Teri Shields began managing her daughter when she was just 11 months old. Her first gig was as a model for Ivory Soap, but the real trouble started with a $450 Playboy shoot that a featured 10-year-old Shields naked. The shoot notes described her as: “A young vamp and a harlot, a seasoned sexual veteran, a provocative child-woman, an erotic and sensual sex symbol, the Lolita of her generation.”
Then came 1978’s Pretty Baby, in which the now 12-year-old was filmed nude and forced to kiss her adult co-star Keith Carradine. As People reported at the time: “Brooke Shields, 12, stirs furor of child porn in films.”
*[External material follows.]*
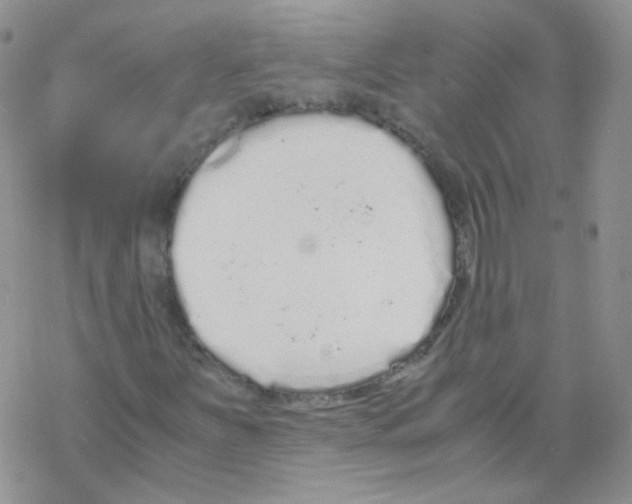 X0000069391251200606091708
That trend only worsened. Teri Shields then booked her 14-year-old on The Blue Lagoon, a 1980 film that featured nude sex scenes between Shields and an adult male actor who played her brother. The movie garnered the attention of the government which dropped her as a non-smoking advocate and then held a Congressional inquiry in to the film.
Shields testified that her Blue Lagoon sex scenes were filmed with a body double, and that her image as a child sex symbol was a bad reason to drop her from anti-smoking campaign. Then the oversight committee asked Shields about her Playboy spread.
“She [Teri Shields] thought it was alright if I did it,” said Shields replied. Her mother became visibly upset when handed a copy of the porn magazine which featured her 10-year-old daughter, but admitted that at the time she found the photos to be “beautiful.”
Shields later tried to prevent the full-frontal shots from being republished but lost the case when Justice Edward Greenfield ruled that a child was bound by the consent of their guardian. While he shamed Brooke’s mother, he also deemed the images to be “not erotic” — except to “perverse minds.”
“I was such a naive, innocent child,” Shields later said. “I wasn’t Lolita. I didn’t have that precocious understanding of my sexuality.”